Continued from page 4

Published on November 22, 2006 at 10:06am

So it's come to this: the fate of the River Oaks is in the hands of someone who can put the words "upscale" and "dinner theater" together while keeping a straight face.

Fortunately, a whole army of people has risen up to fight the possible closing. Unfortunately, the script is playing out true to form.

This is Houston. These things go one way, and one way only:

1) Developer threatens beloved landmark.

2) Citizens arise.

3) Citizens and developer meet and "have a dialogue" to find common ground.

4) The bulldozers come.

We're clearly in Phase Three of this tale, if you listen to Sarah Gish, the former River Oaks manager and foreign-film cineaste who has been leading the protests. She uses the word "dialogue" and touches all the achingly hopeful bases: "We want to work WITH Weingarten so that they can come up with a solution that is agreeable to all," she says by e-mail. "We are on hiatus until January, but are still working behind the scenes on plans for saving both theater sites (which I don't want to say yet, since they are still in development), which includes hopes for meeting with Weingarten."

Man, we really want Gish's group to succeed. (Although not necessarily if it includes an upscale dinner theater. Some sacrifices are not worth it.)

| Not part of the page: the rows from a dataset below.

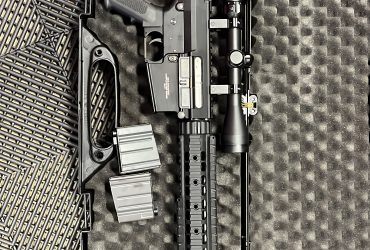 G&G sr25 spr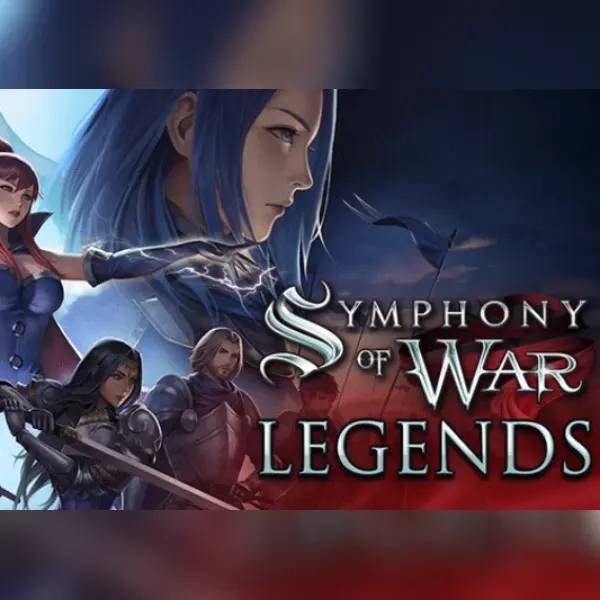 Symphony of War: The Nephilim Saga - Legends (DLC) — Steam, Standard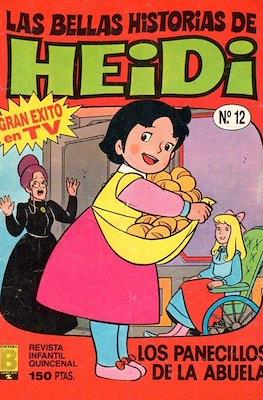 Las bellas historias de Heidi #12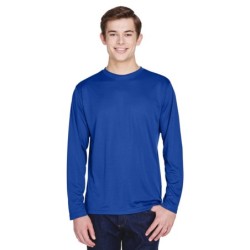 Buy Team 365 TT11L Men's Zone Performance Long-Sleeve T-Shirt | ApparelChoice.ca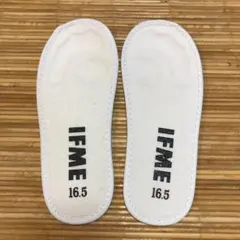 ☆IFME☆イフミー中敷き　16.5cm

But when a developer starts throwing up his hands and saying, "I owe it to the stockholders," you're in trouble. And dialogue is only staving off the inevitable.

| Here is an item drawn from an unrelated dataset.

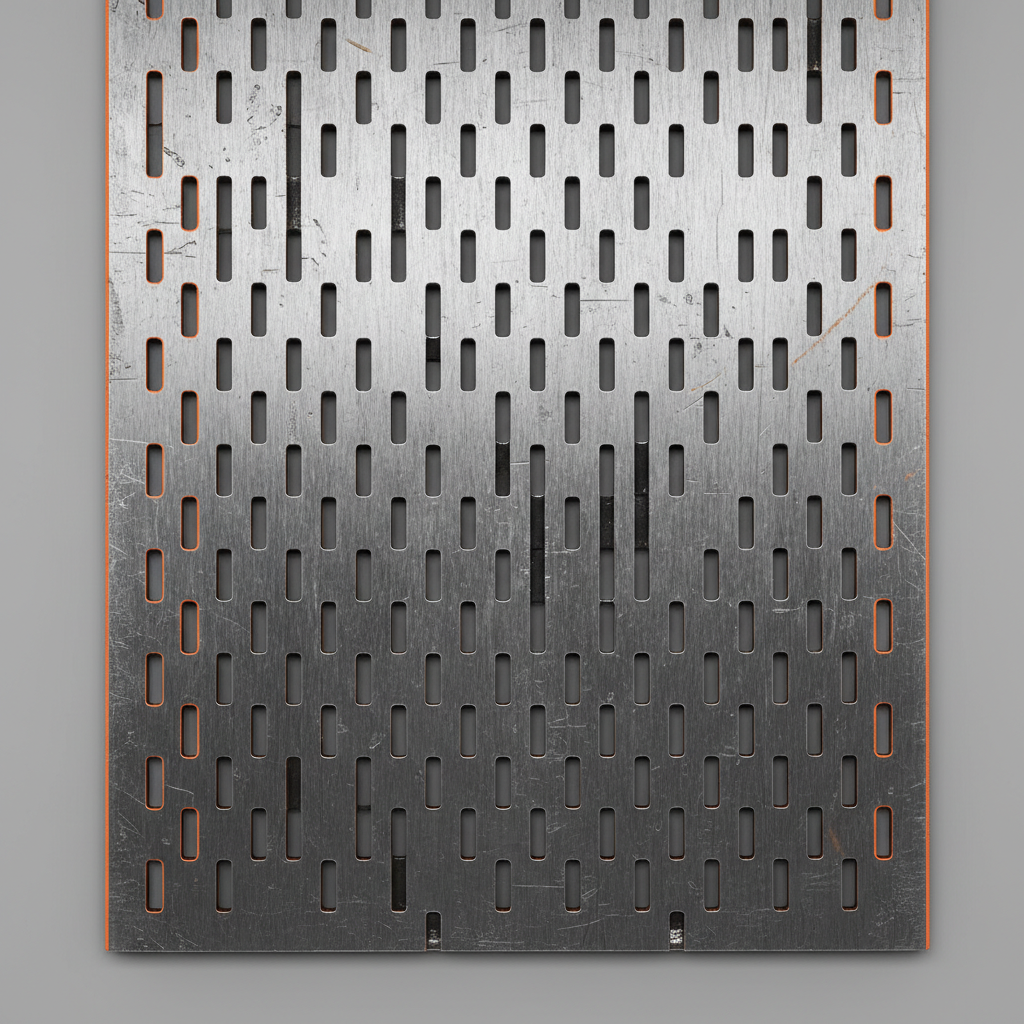 Exploring Slotted Hole Perforated Sheet Applications and Manufacturing Processes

Of course, since this involves the movies, there's always the chance that Gish and Alexander will cross swords at the negotiating table, scream at each other and shoot daggers with their eyes...right up until he decides he likes that gal's spunk.

While his stockholders clamor for higher returns and his underlings wonder what's gone wrong with him, Alexander tries to win Gish's heart by flying through every Truffaut and Jean-Luc Godard movie he can find on Netflix. He tears up at The 400 Blows. He decides the original Breathless is better than the Richard Gere remake.

He gets ready to ask Gish to help him save the theater instead of tearing it down. Together they can make it a Cinema Paradiso right there on Gray.

Then he remembers it's Houston, he can get away with anything and preservation is for losers.

And Houston gets another Banana Republic. And a potential Turkey of the Year for 2007.